YOUR INSTRUCTIONS >> Below are some records. Write out exactly their lines from the one with "タイメックス キッズ アナログモデル" through the one with "- 彩色 - 查看 1", and leave the pictures behind.

RAW DATA >>
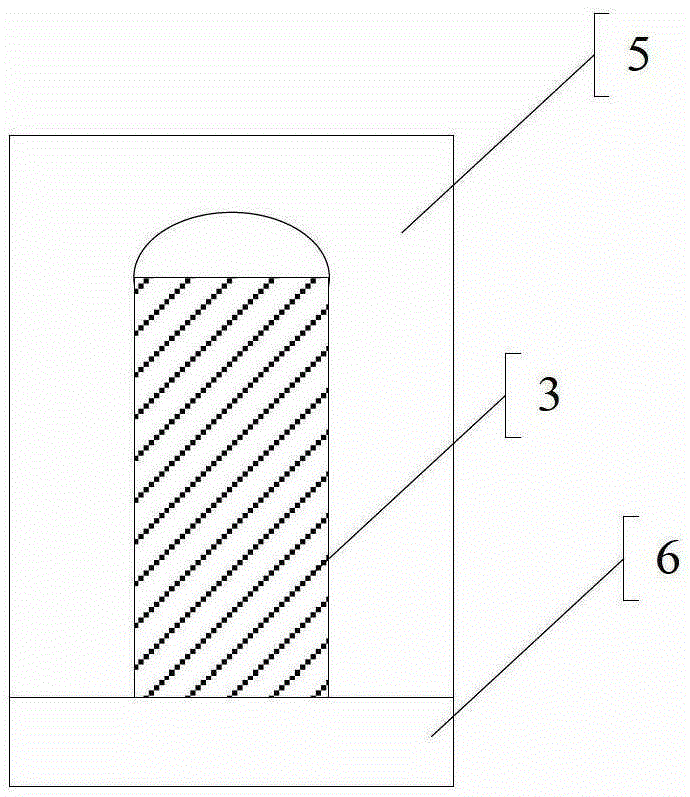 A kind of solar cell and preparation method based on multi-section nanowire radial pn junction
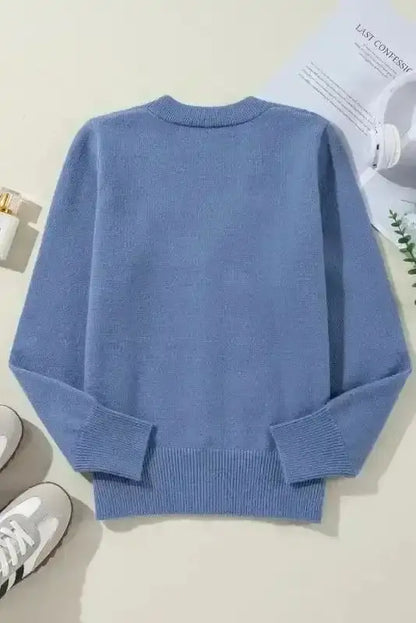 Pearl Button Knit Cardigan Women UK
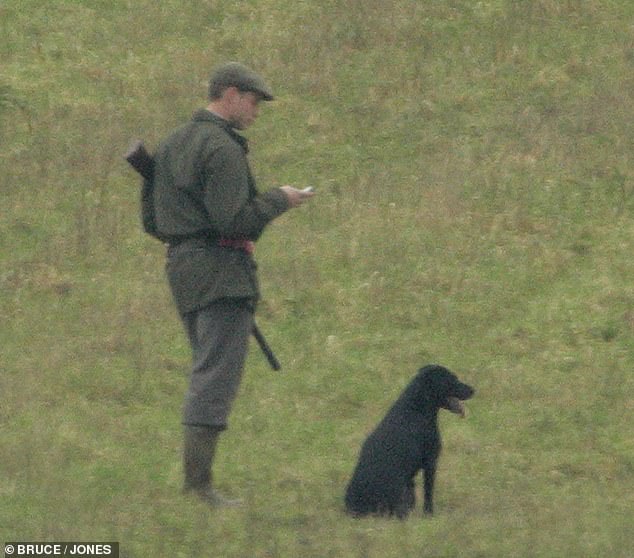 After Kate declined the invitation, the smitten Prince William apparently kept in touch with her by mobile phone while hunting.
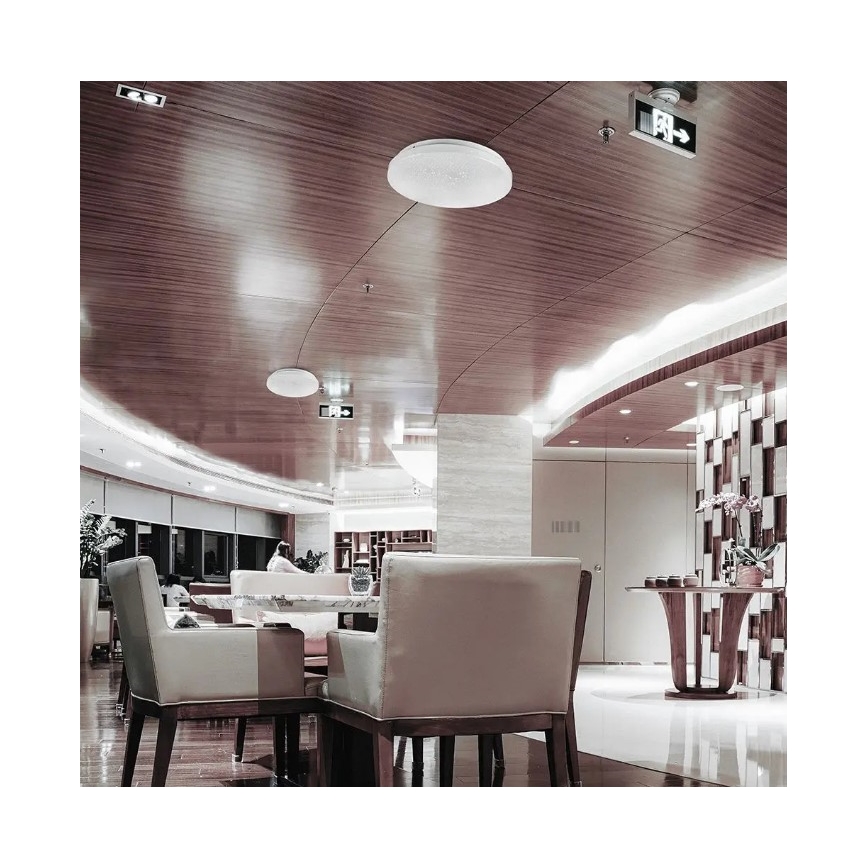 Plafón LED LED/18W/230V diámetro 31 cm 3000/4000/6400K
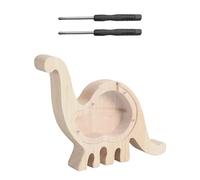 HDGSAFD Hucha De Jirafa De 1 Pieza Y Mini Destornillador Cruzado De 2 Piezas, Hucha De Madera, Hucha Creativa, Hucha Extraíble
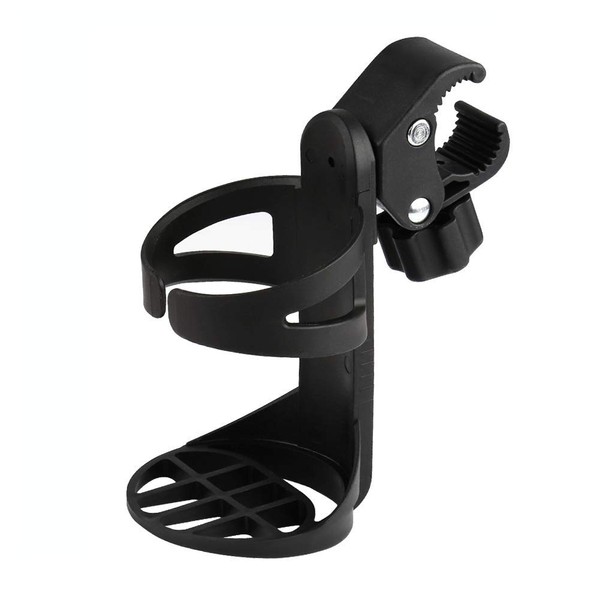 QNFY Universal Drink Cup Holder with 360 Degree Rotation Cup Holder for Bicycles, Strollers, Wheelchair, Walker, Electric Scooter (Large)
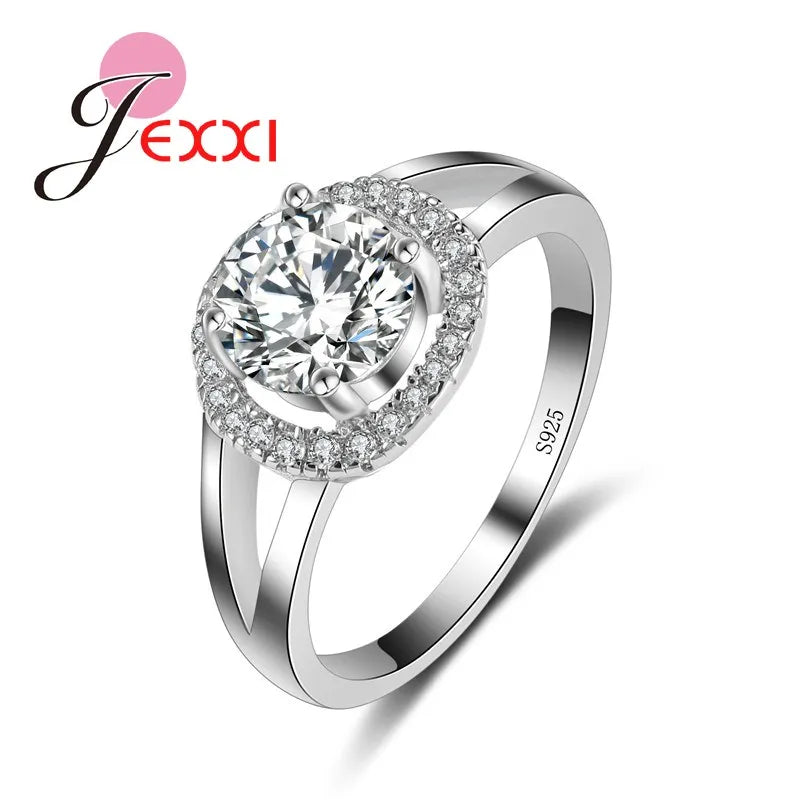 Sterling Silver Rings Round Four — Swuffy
* * *
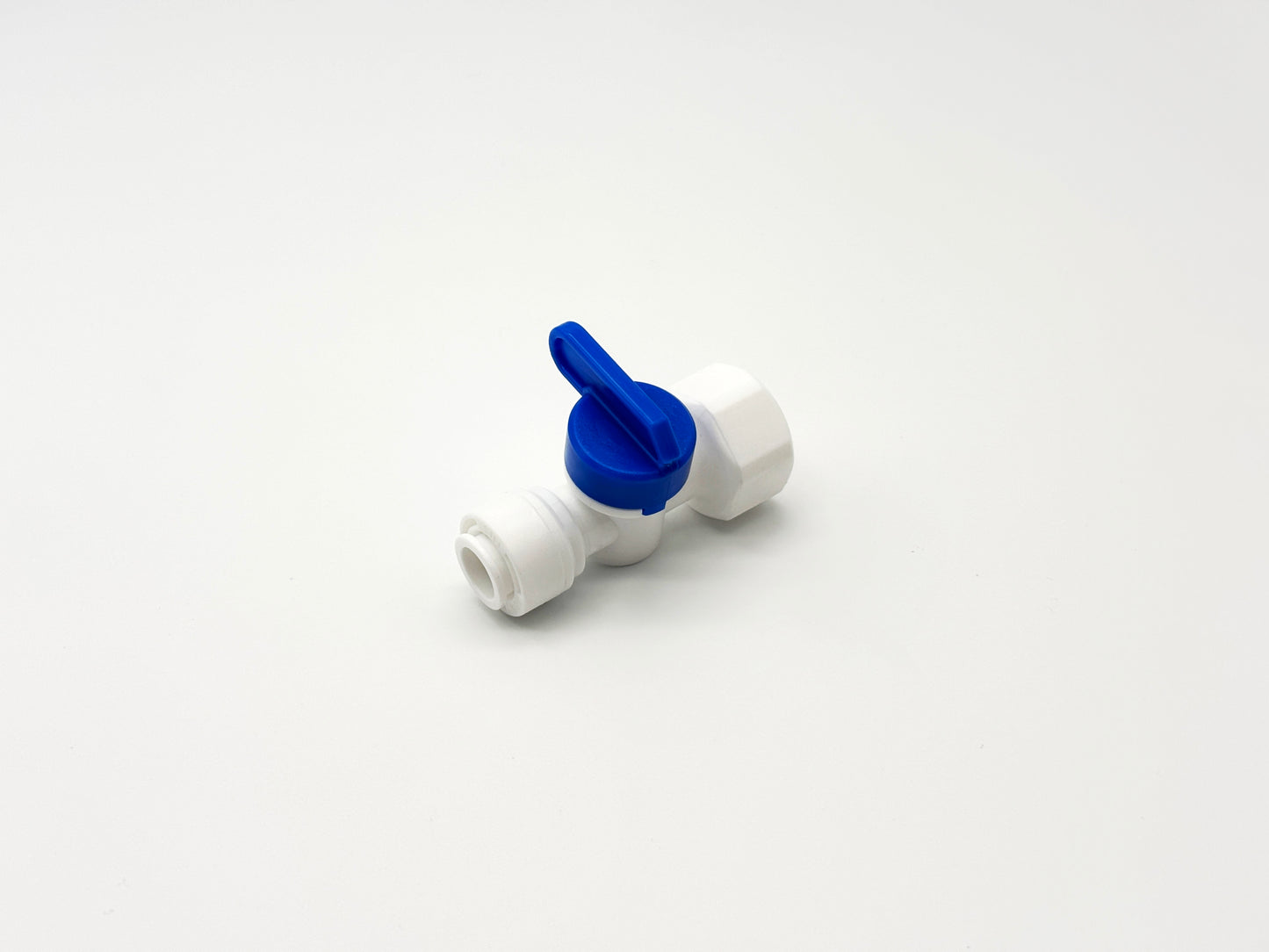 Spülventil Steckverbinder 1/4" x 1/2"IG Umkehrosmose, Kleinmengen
...
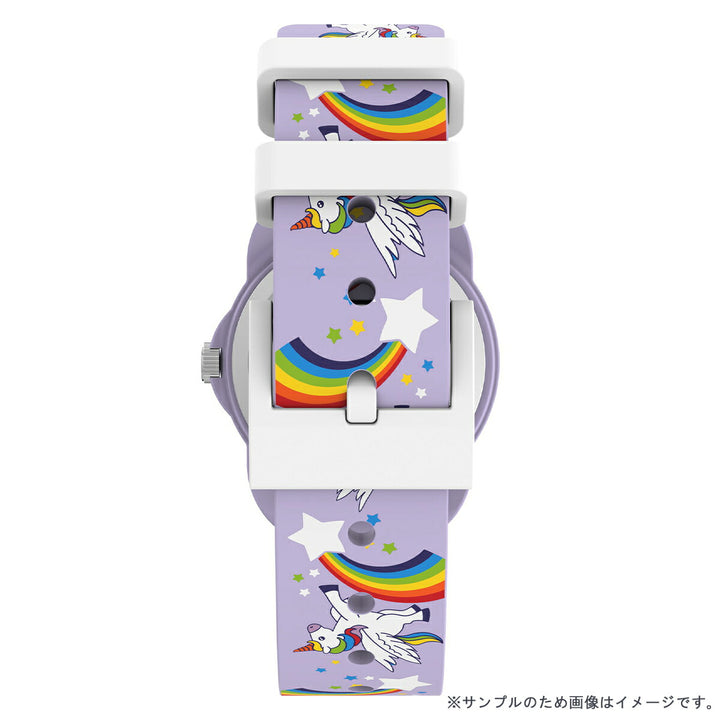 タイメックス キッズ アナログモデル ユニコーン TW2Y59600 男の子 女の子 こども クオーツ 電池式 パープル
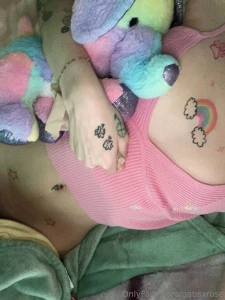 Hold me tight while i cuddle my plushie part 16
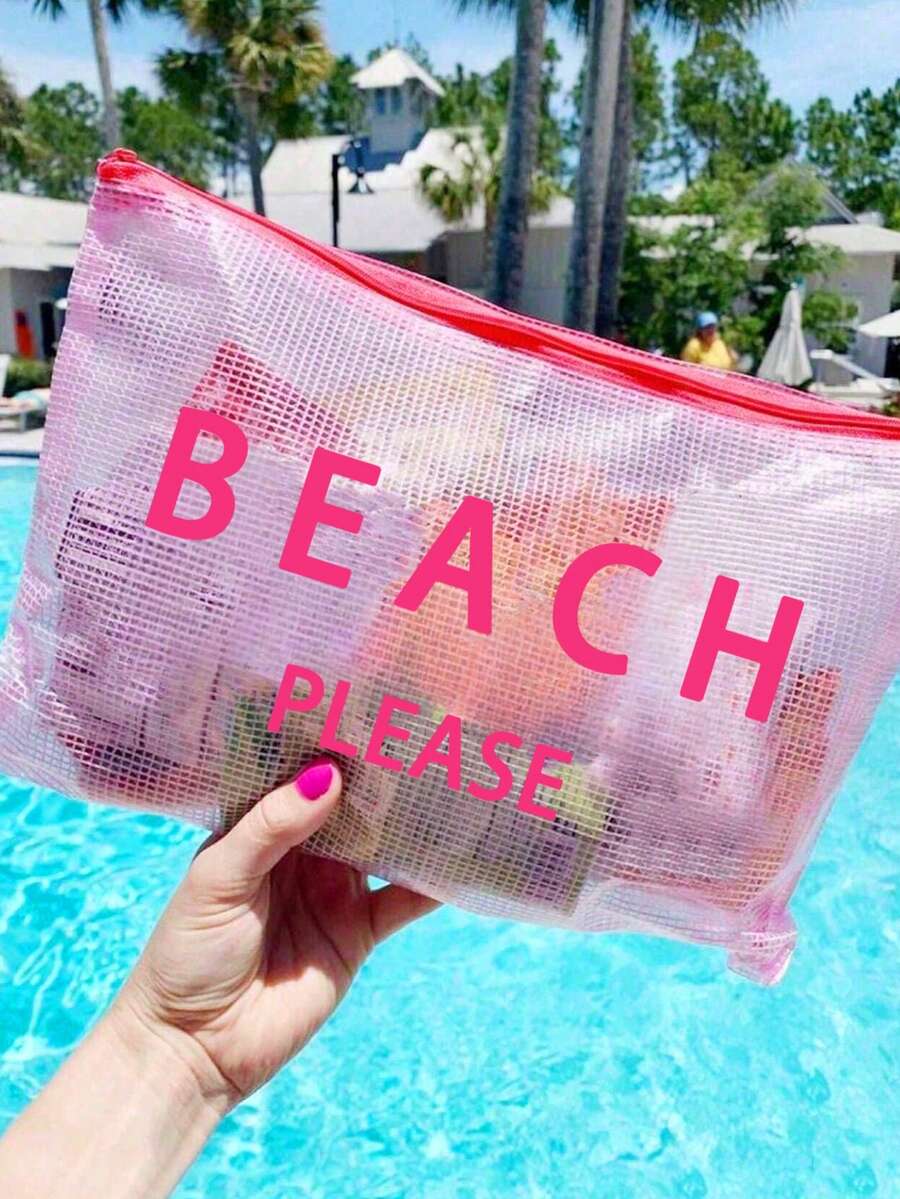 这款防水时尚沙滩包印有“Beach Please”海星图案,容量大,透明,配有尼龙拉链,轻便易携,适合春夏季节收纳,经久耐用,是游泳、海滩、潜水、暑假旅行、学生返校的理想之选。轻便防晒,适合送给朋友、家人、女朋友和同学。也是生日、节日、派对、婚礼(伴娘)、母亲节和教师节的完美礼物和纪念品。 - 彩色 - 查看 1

RESPONSE >>
 タイメックス キッズ アナログモデル ユニコーン TW2Y59600 男の子 女の子 こども クオーツ 電池式 パープル
 Hold me tight while i cuddle my plushie part 16
 这款防水时尚沙滩包印有“Beach Please”海星图案,容量大,透明,配有尼龙拉链,轻便易携,适合春夏季节收纳,经久耐用,是游泳、海滩、潜水、暑假旅行、学生返校的理想之选。轻便防晒,适合送给朋友、家人、女朋友和同学。也是生日、节日、派对、婚礼(伴娘)、母亲节和教师节的完美礼物和纪念品。 - 彩色 - 查看 1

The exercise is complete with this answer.